* INSTRUCTIONS TO FOLLOW
Your answer should be the lines of the data below that contain "watching".

* PROVIDED DATA
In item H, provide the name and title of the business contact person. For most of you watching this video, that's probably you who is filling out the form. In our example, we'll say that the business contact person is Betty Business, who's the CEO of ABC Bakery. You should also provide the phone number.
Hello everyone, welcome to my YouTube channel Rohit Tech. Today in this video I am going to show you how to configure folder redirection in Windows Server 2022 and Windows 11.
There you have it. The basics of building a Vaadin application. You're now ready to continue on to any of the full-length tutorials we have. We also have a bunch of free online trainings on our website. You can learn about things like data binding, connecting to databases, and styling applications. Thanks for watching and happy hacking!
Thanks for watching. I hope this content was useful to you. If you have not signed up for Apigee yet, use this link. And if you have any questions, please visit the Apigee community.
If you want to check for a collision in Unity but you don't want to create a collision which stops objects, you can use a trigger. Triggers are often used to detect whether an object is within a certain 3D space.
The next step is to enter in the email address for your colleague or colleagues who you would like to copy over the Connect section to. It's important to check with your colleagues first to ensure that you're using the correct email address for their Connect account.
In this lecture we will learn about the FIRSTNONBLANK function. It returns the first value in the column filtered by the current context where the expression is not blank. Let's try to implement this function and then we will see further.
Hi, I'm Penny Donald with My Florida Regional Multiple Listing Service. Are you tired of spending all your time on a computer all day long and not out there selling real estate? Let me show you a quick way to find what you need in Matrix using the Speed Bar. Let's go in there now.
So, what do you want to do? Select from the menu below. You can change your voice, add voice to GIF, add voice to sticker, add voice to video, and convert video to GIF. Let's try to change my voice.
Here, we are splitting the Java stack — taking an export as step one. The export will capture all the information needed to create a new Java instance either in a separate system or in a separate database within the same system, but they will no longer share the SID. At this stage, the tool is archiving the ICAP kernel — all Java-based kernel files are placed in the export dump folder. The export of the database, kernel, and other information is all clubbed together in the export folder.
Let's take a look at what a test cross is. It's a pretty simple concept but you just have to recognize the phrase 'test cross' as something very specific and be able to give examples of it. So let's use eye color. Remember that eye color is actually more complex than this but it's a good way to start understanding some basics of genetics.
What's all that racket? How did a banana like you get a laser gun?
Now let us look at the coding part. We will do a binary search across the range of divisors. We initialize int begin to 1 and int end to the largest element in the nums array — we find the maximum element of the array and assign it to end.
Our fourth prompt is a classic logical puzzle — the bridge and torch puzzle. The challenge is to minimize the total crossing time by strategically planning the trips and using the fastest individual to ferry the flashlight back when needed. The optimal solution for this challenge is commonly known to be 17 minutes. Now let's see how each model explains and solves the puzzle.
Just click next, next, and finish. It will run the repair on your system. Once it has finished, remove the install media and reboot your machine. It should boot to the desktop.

* SOLUTION TO THIS EXERCISE
In item H, provide the name and title of the business contact person. For most of you watching this video, that's probably you who is filling out the form. In our example, we'll say that the business contact person is Betty Business, who's the CEO of ABC Bakery. You should also provide the phone number.
There you have it. The basics of building a Vaadin application. You're now ready to continue on to any of the full-length tutorials we have. We also have a bunch of free online trainings on our website. You can learn about things like data binding, connecting to databases, and styling applications. Thanks for watching and happy hacking!
Thanks for watching. I hope this content was useful to you. If you have not signed up for Apigee yet, use this link. And if you have any questions, please visit the Apigee community.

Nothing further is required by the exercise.